Although FRAX has been validated and recommended by the NOF in the United States and other countries as an ideal tool for fracture risk assessment in patients with low bone mass, it has some barriers to application in practice as previously noted [
17]. One limitation is its complexity. Several reports suggest that a simplified FRAX or alternative scoring system be used in practice [
17,
18]. An additional problem is that the size of the treatment group has increased. After modification of the NOF guidelines with FRAX in the United States, the widespread adoption of new guidelines was estimated to result in recommending pharmacological treatment for at least 72% of US white women ≥ 65 years of age and 93% of those ≥ 75 years of age, which is a larger inclusion than prior guidelines [
19]. To decrease the extra cost of applying new inclusion, some trade-off between low-risk and high-risk treatment groups must exist; however, this may not be acceptable because the critical T-score is still the strongest predictor for fractures.
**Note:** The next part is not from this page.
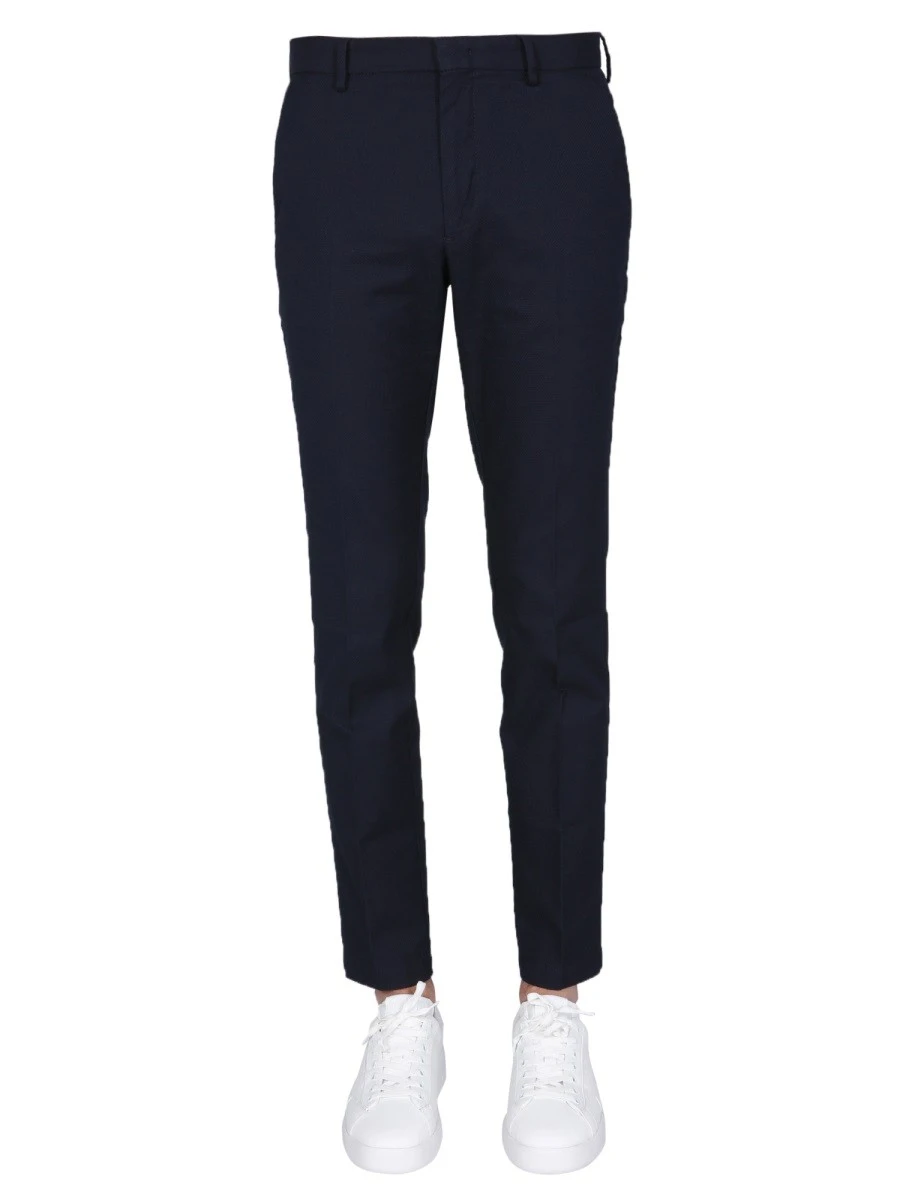 REGULAR FIT TROUSERS.webp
Alternatively, the economic problem may be alleviated by using the FRAX as an assessment tool to select patients for a BMD examination. Treating high-risk patients without a BMD examination and selecting an intermediate risk group for a BMD examination may be more cost-effective than recommending BMD measurements for all patients [
20].
In the present study, we examined the discrepancy originating from the BMD difference between the lumbar and femur areas when FRAX was applied to the previous HIRA treatment group. We identified 15 patients (6%) with high femur neck BMD who were not classified as eligible for treatment despite having a low lumbar area BMD. Without treatment, these patients are at significant risk during the transient period when they show only one area of osteoporosis. The FRAX criteria use femur neck BMD as a reference because it is a reliable marker for osteoporotic fractures in other areas, and it is the strongest predictor for hip fractures [
3]. Fusiwara et al. [
15] showed the validity of using the femur neck BMD in FRAX to predict major osteoporotic fractures other than femur fractures in the Japanese model.
In the present study, we could not examine the validity of FRAX to predict fracture risk of Korean patients with RA, but we could examine the feasibility of the risk score system compared to the present T-score system for threshold of intervention. We also compared the size of the treatment group identified by each system.
In conclusion, nearly one-half of postmenopausal women and men > 50 years of age with seropositive RA in Korea have osteoporosis requiring treatment. Because the current fixed T-score-dependent classification excludes high-risk patients from pharmacological intervention, the adoption of a risk scoring system should be considered to prevent RA comorbidities. Further studies are needed to validate an osteoporosis risk scoring system for Koreans.